4 mai 2026 | Mise à jour le 4 mai 2026
À Carcassonne, le nouveau maire du Rassemblement national Christophe Barthès poursuit une politique de mise au pas des contre-pouvoirs locaux. Après les associations et la presse locale, il s'attaque désormais aux syndicats, en envisageant de leur retirer l'accès aux locaux municipaux.

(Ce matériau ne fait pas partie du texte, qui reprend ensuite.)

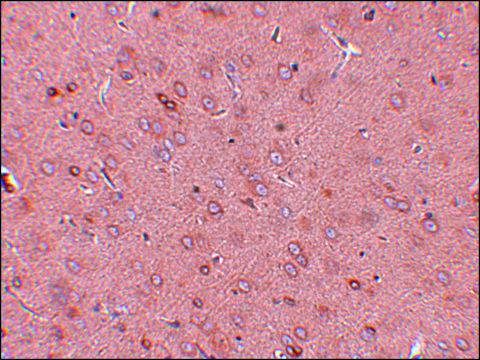 Anti-GOLPH2 antibody produced in rabbit affinity isolated antibody, buffered aqueous solution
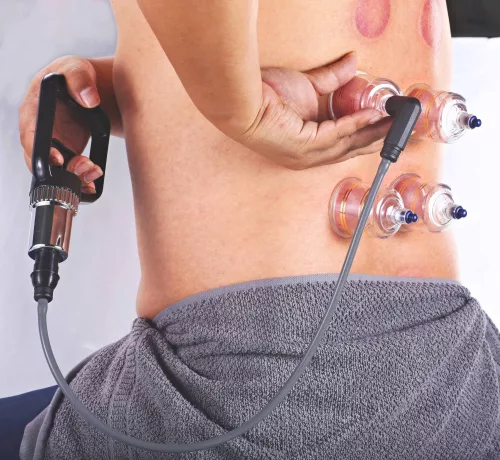 ACUTOP Műanyag Köpölykészlet Tűz Nélkül Használható, Vákumpumpával, 19 db-os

Derrière les remparts de la préfecture de l’Aude, Christophe Barthès, le maire RN élu le 29 mars 2026, poursuit sa croisade contre toute forme d'opposition. Après avoir supprimé les subventions à la Ligue des droits de l'Homme, retiré les accréditations à la presse locale et menacé des lycéens souhaitant se mobiliser contre sa politique, il continue de s'attaquer aux contre-pouvoirs dans sa commune. Dernière mesure en date : la suppression de la mise à disposition de locaux municipaux pour les syndicats.

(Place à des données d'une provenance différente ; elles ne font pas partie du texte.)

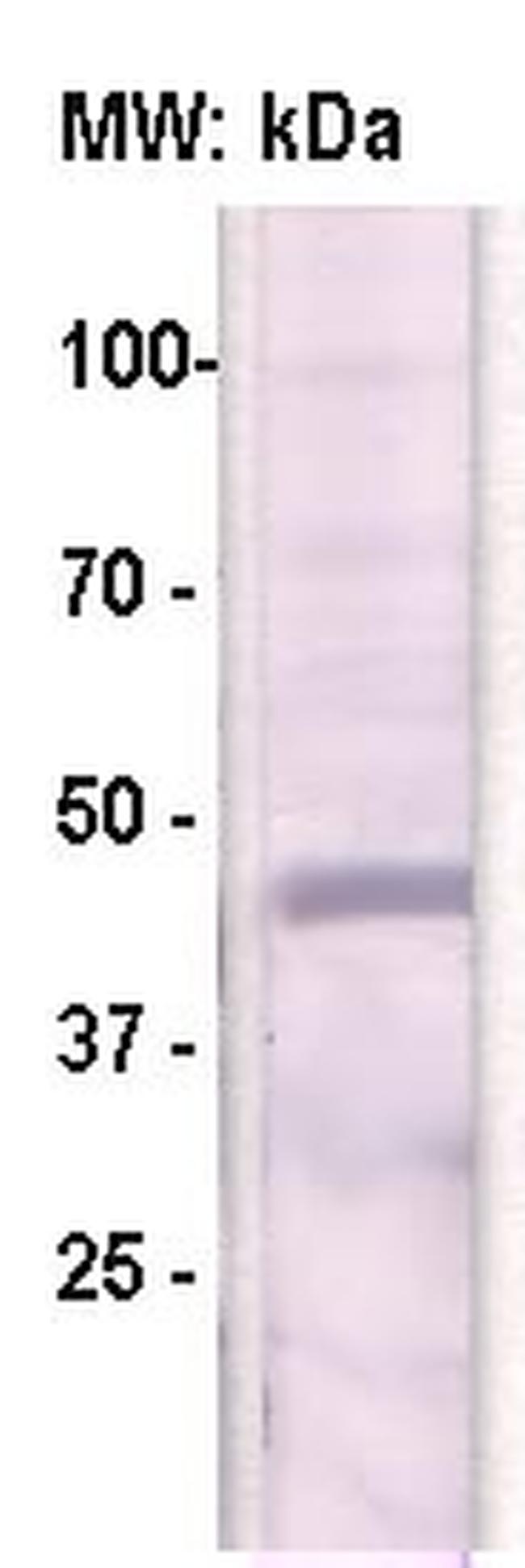 HPV (Human Papillomavirus), E7 protein Antibody in Western Blot (WB)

« On a eu cette information comme tout le monde, jeudi 30 avril, à la fin du conseil municipal. C'est une annonce faite sans vote », affirme Vanessa Ny, de l'union départementale de la CGT à Carcassonne. Une décision qui a tout l’air d’une sanction… « Ça fait suite à nos mobilisations lors des municipales et, plus récemment, à un mouvement de jeunes lycéens soutenu par la CGT et d'autres organisations syndicales. C'est une réaction épidermique : il punit celles et ceux qui s'opposent à lui », ajoute-t-elle.
La mesure, qui n'a été adoptée par aucune délibération, pourrait, si elle venait à être appliquée, avoir des conséquences concrètes. « Chaque semaine, nous accueillons une centaine de personnes à la Bourse du travail, qui nous sert de siège. Nous hébergeons aussi des associations, organisons des formations, recevons des salariés avec des conseillers prud'homaux, etc. », détaille la syndicaliste.
Du côté des politiques, Carcassonne unie, l'opposition de gauche, a condamné « avec la plus grande fermeté l'annonce du maire […] de déloger les syndicats de salariés des bâtiments municipaux », dénonçant, dans son communiqué publié sur Facebook, « le vrai visage de l'extrême droite : intimidations, mise au pas, exclusion, restriction de tout ce qui constitue un contre-pouvoir pourtant essentiel à la démocratie ».
Une sorte de Trump local
Un coup d’éclat du nouveau maire, qui commence à s’ajouter à une longue liste. En effet, quelques heures seulement après son élection, Christophe Barthès avait pris un arrêté anti-mendicité pour sa commune. Pour en faire la promotion, il s’était mis en scène comme le fait Donald Trump : décret en main, seul à son bureau. La Ligue des droits de l'Homme, qui avait attaqué cet arrêté, s’est par la suite vu retirer la subvention municipale qui lui était attribuée.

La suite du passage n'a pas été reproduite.